C3 = sn.block_tables(A, B, 
                    l_block_attr='birth_year', r_block_attr='birth_year', 
                    l_output_attrs=['name', 'birth_year', 'zipcode'],
                    r_output_attrs=['name', 'birth_year', 'zipcode'],
                    l_output_prefix='l_', r_output_prefix='r_', window_size=5)

WARNING: THIS IS AN EXPERIMENTAL COMMAND. THIS COMMAND IS NOT TESTED. USE AT YOUR OWN RISK.

In [18]:

len(C1)

Out[18]:

In [19]:

len(C3)

Out[19]:

Stable Sort Order¶

One final challenge for the Sorted Neighborhood Blocker is making the sort order stable. If the column being sorted on has multiple identical keys, and those keys are longer than the window size, then different results may occur between runs. To always guarantee the same results for every run, make sure to make the sorting column unique. One method to do so is to append the id of the tuple onto the end of the sorting column. Here is an example.

In [20]:

A["birth_year_plus_id"]=A["birth_year"].map(str)+'-'+A["ID"].map(str)
B["birth_year_plus_id"]=B["birth_year"].map(str)+'-'+A["ID"].map(str)
C3 = sn.block_tables(A, B, 
                    l_block_attr='birth_year_plus_id', r_block_attr='birth_year_plus_id', 
                    l_output_attrs=['name', 'birth_year_plus_id', 'birth_year', 'zipcode'],
                    r_output_attrs=['name', 'birth_year_plus_id', 'birth_year', 'zipcode'],
                    l_output_prefix='l_', r_output_prefix='r_', window_size=5)
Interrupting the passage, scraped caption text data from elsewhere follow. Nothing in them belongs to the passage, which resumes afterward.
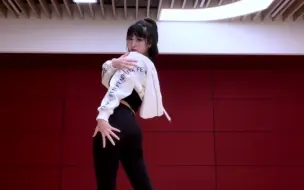 Download Video: 主舞的威严！TWICE MOMO I Can't Stop Me竖屏版练习室公开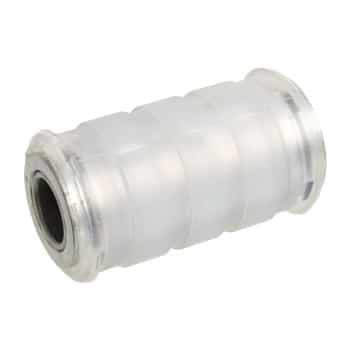 Montage, leaf spring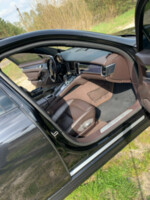 Porsche Panamera 970, 2010 г.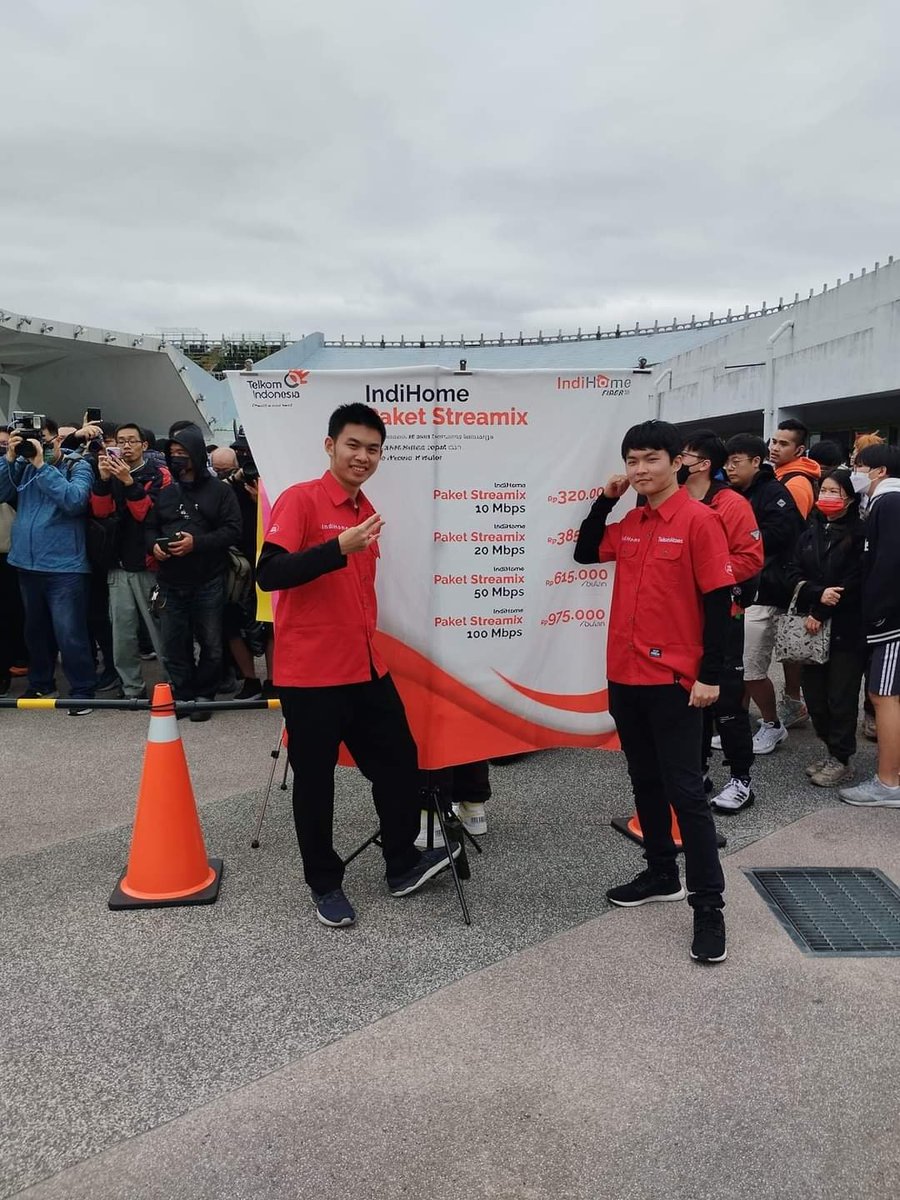 这是台湾的漫展🤔😄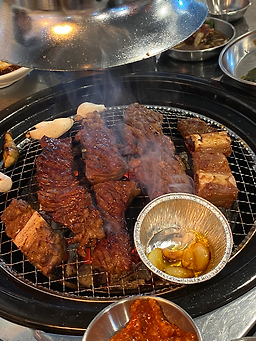 연일갈비 대표 사진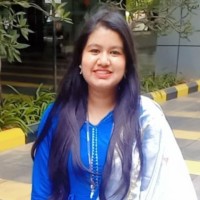 Thrupthi M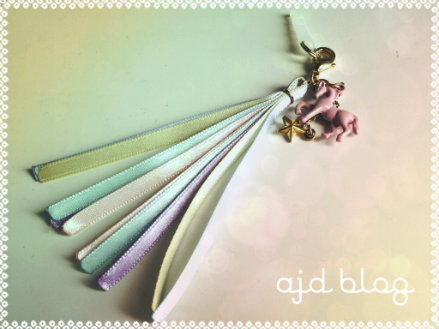 イヤホンジャックの作り方 Ajd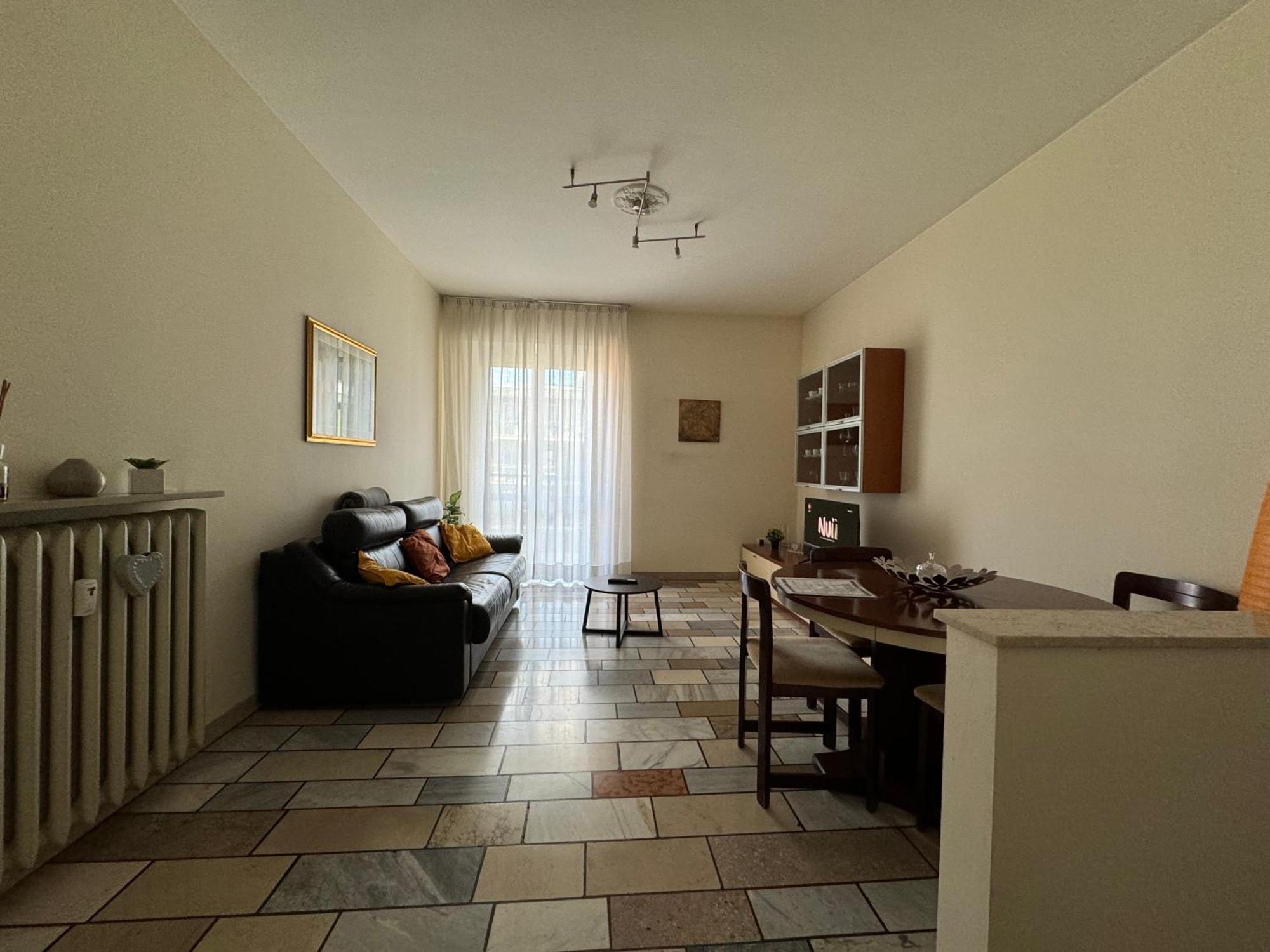 Appartamento Casa Valentina San Donato Milanese Esterno foto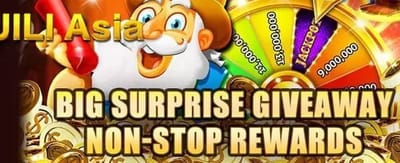 Free spins promotion visual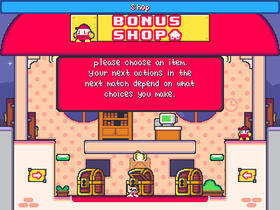 Going shopping
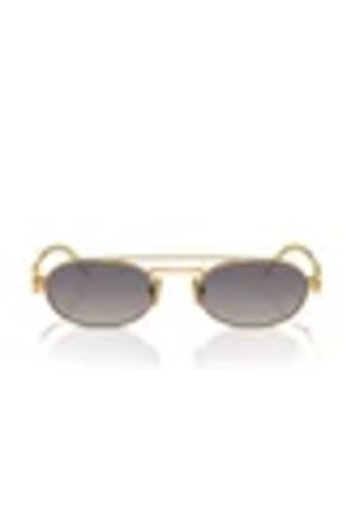 Miu Miu 54Zs 5Ak30C 53 Women's Sunglasses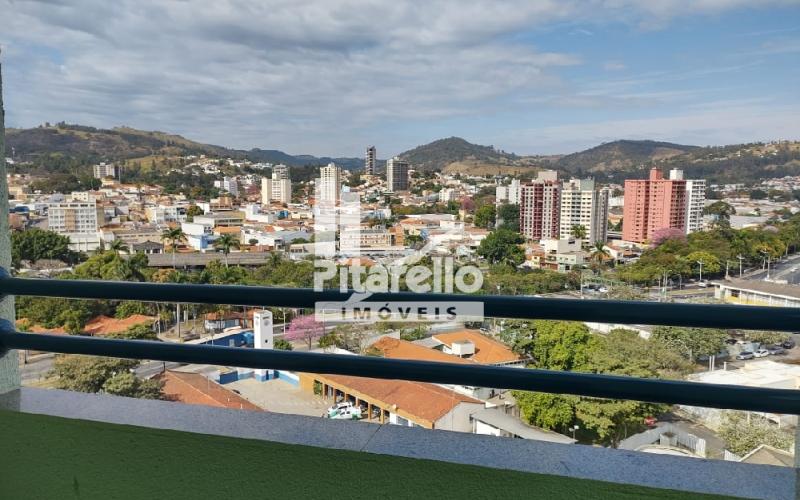 Apartamento Cobertura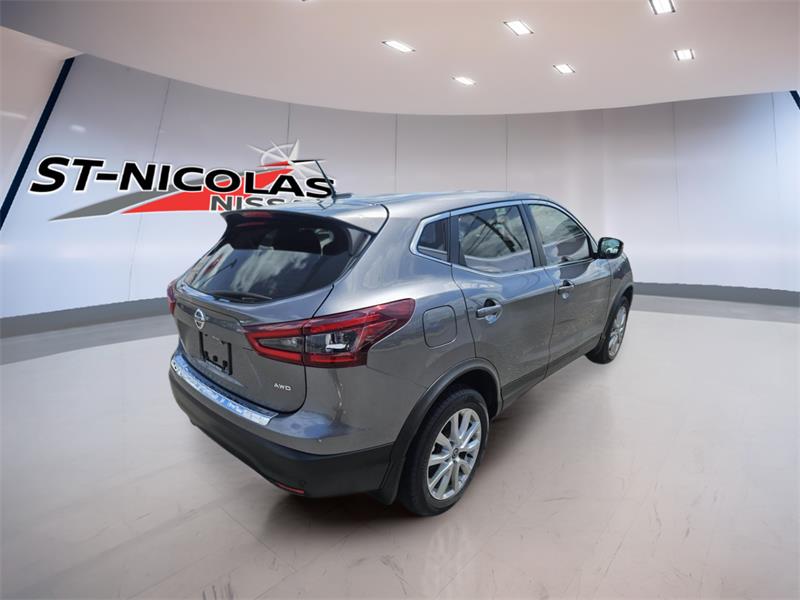 nissan Qashqai 2023 - 5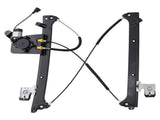 Power Window Regulator fit for Chevrolet Silverado 3500 2001-2006 15135971 Rear 17464760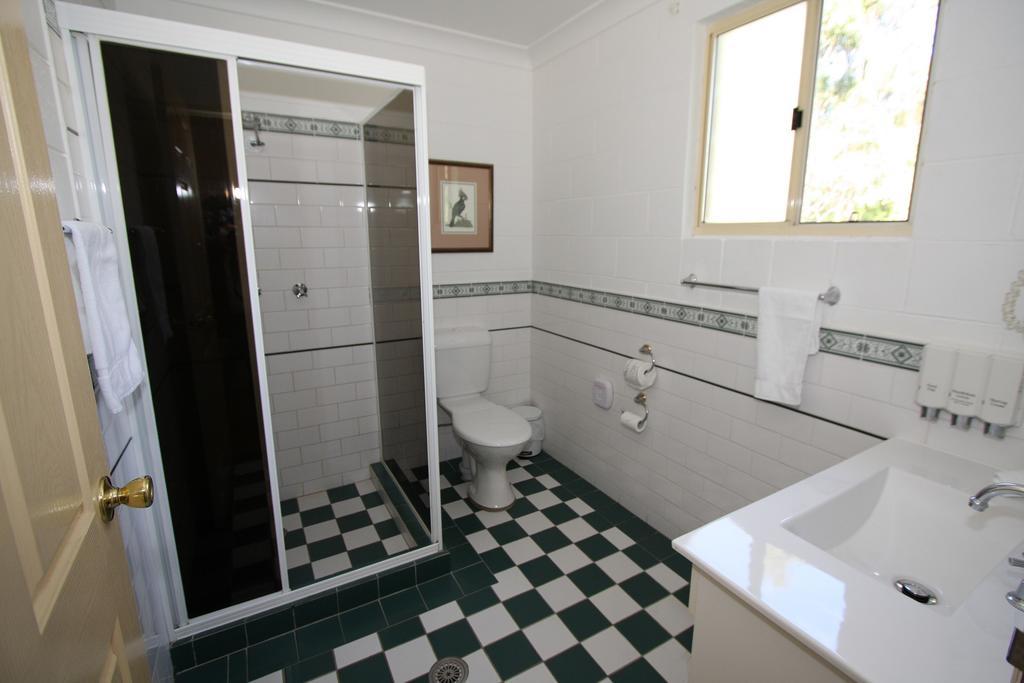 Picton Valley Motel Australia Extérieur photo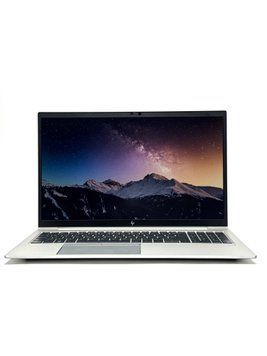 Ноутбук HP EliteBook 855 G8 Multitouch AMD Ryzen 5 (Ryzen 5 Pro 5650U) 8 Гб 256 Гб SSD Клас A (NTB0226090) Б/В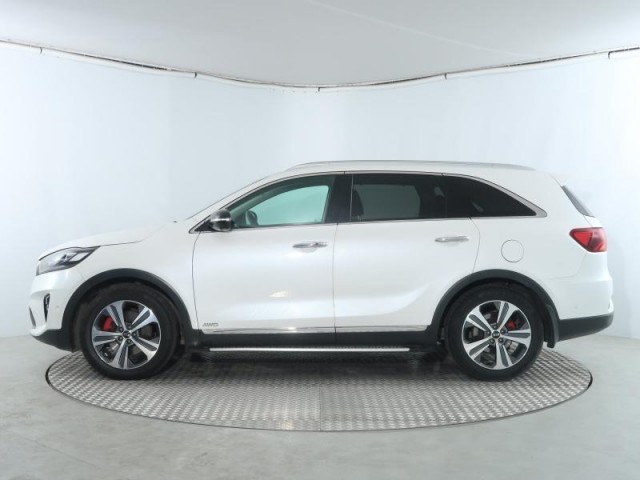 Kia Sorento  2.2 CRDi GT Line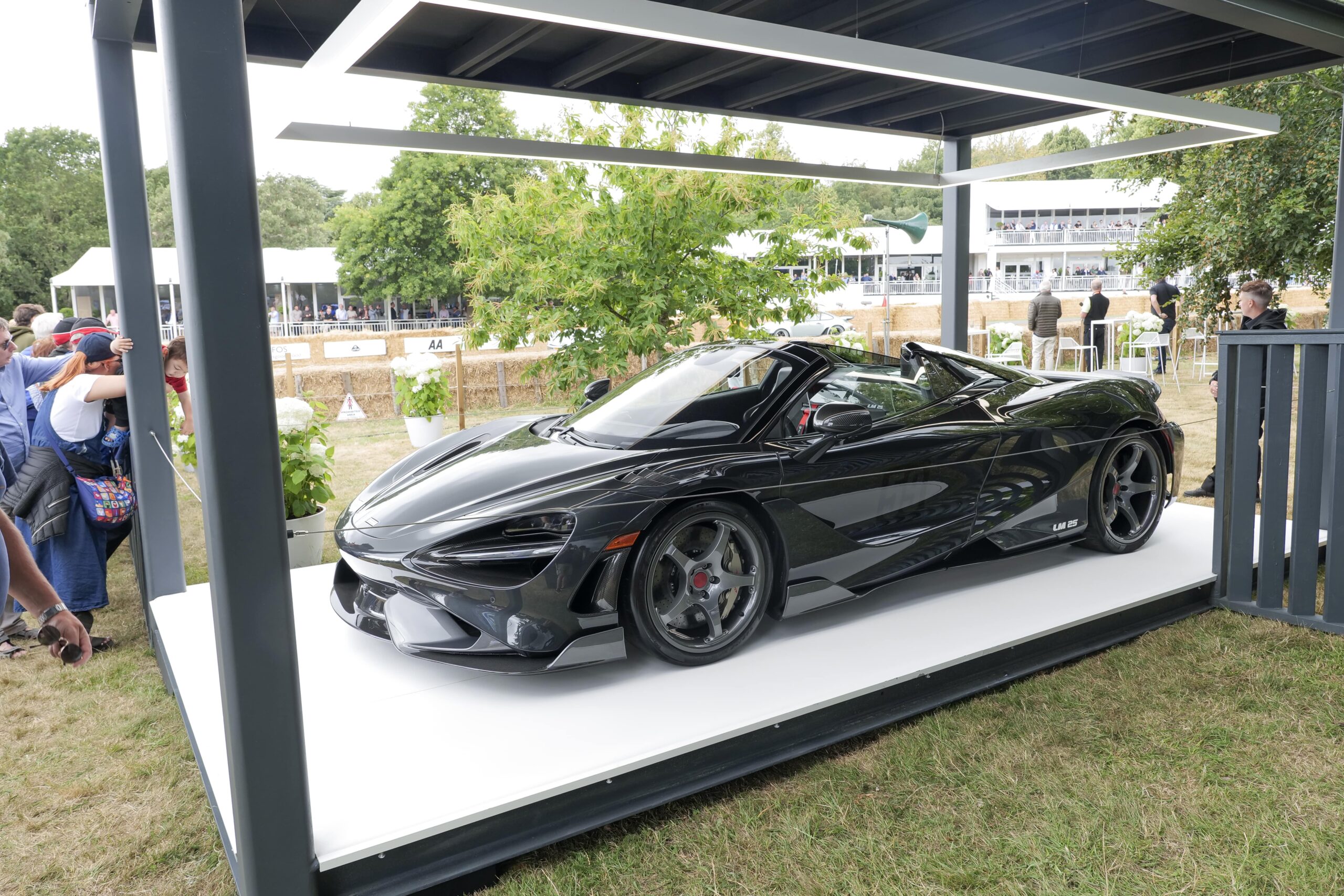 Gallery Goodwood Festival Of Speed Torquecafe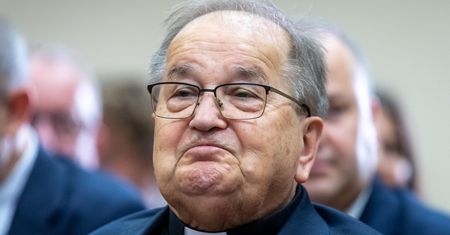 16-latek wygrał w sądzie z fundacją o. Rydzyka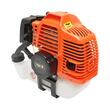 Motocoasa/trimmer pentru tuns iarba, Thor, benzina, cu accesorii, 2.5 kW, 3.4 CP, 43 CC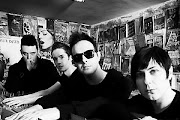 Glasvegas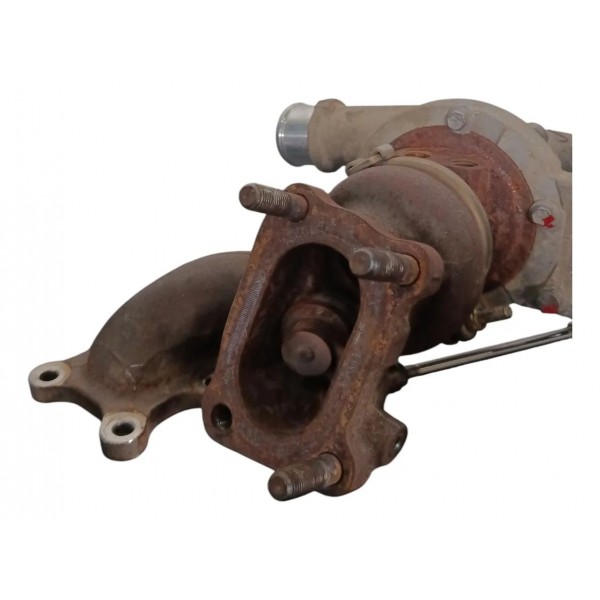 Turbina Original Creta 2024 2025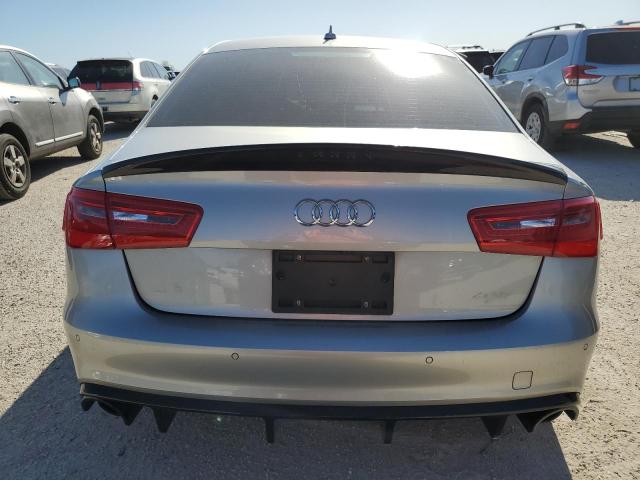 2013 Audi A6 Prestige VIN: WAUJGAFC6DN132516 Lot: 48467684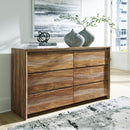 Signature Design by Ashley Dressonni B790-31 Dresser IMAGE 5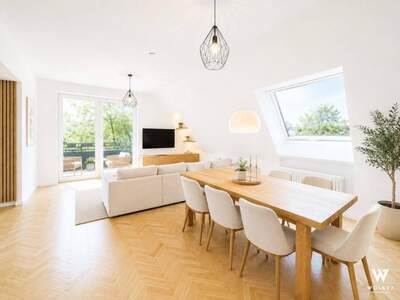 Wohnung kaufen in 1130 Wien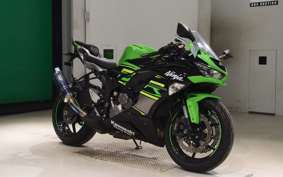 KAWASAKI NINJA ZX-6R A 2019 ZX636G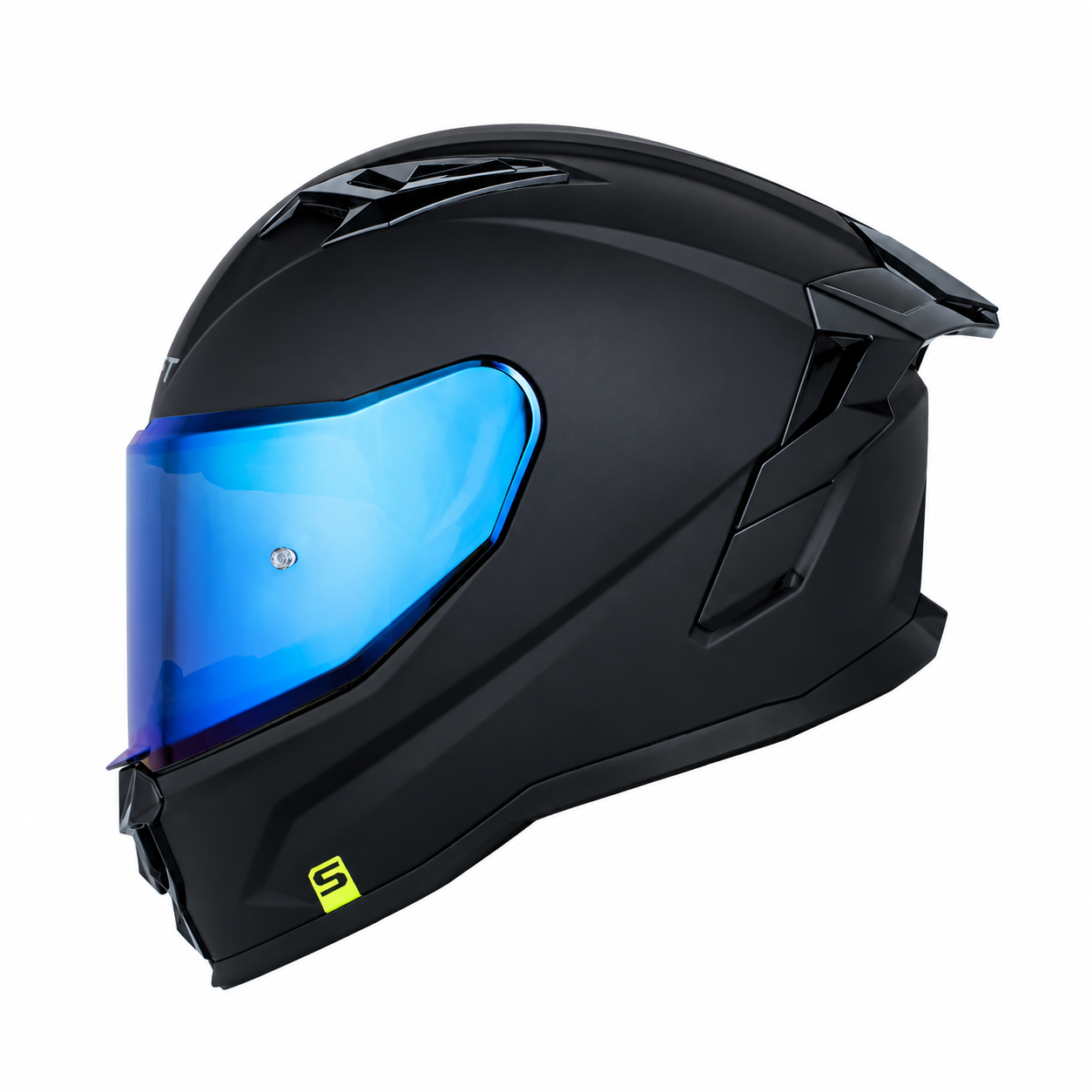 Casco Shaft SH-556 TAIPAN Solid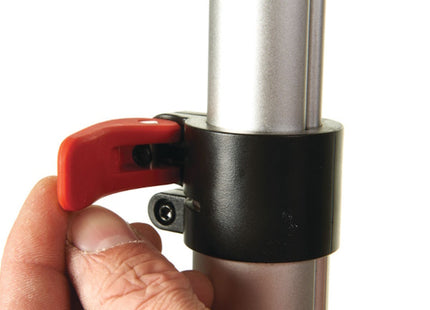 MILWAUKEE TORRE FARO LED MULTIDIREZIONALE CON TREPPIEDE MOD. M18 HSAL-0*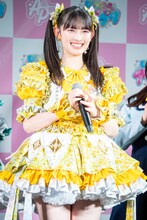 菅田愛貴（超ときめき♡宣伝部）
WARNING: THIS IS AN EXPERIMENTAL COMMAND. THIS COMMAND IS NOT TESTED. USE AT YOUR OWN RISK.

In [21]:

C3.head()

Out[21]:

	_id	l_ID	r_ID	l_name	l_birth_year_plus_id	l_birth_year	l_zipcode	r_name	r_birth_year_plus_id	r_birth_year	r_zipcode
0	0	a5	b4	Alphonse Kemper	1984-a5	1984	94122	Joseph Kuan	1982-a4	1982	94122
1	1	a5	b5	Alphonse Kemper	1984-a5	1984	94122	Alfons Kemper	1984-a5	1984	94122
2	2	a5	b2	Alphonse Kemper	1984-a5	1984	94122	Bill Bridge	1986-a2	1986	94107
3	3	a3	b4	William Bridge	1986-a3	1986	94107	Joseph Kuan	1982-a4	1982	94122
4	4	a3	b5	William Bridge	1986-a3	1986	94107	Alfons Kemper	1984-a5	1984	94122

Sorted Neighborhood Blocker limitations¶

Since the sorted neighborhood blocker requires position in sorted order, unlike other blockers, blocking on a candidate set or checking two tuples is not applicable. Attempts to call block_candset or block_tuples will raise an assertion.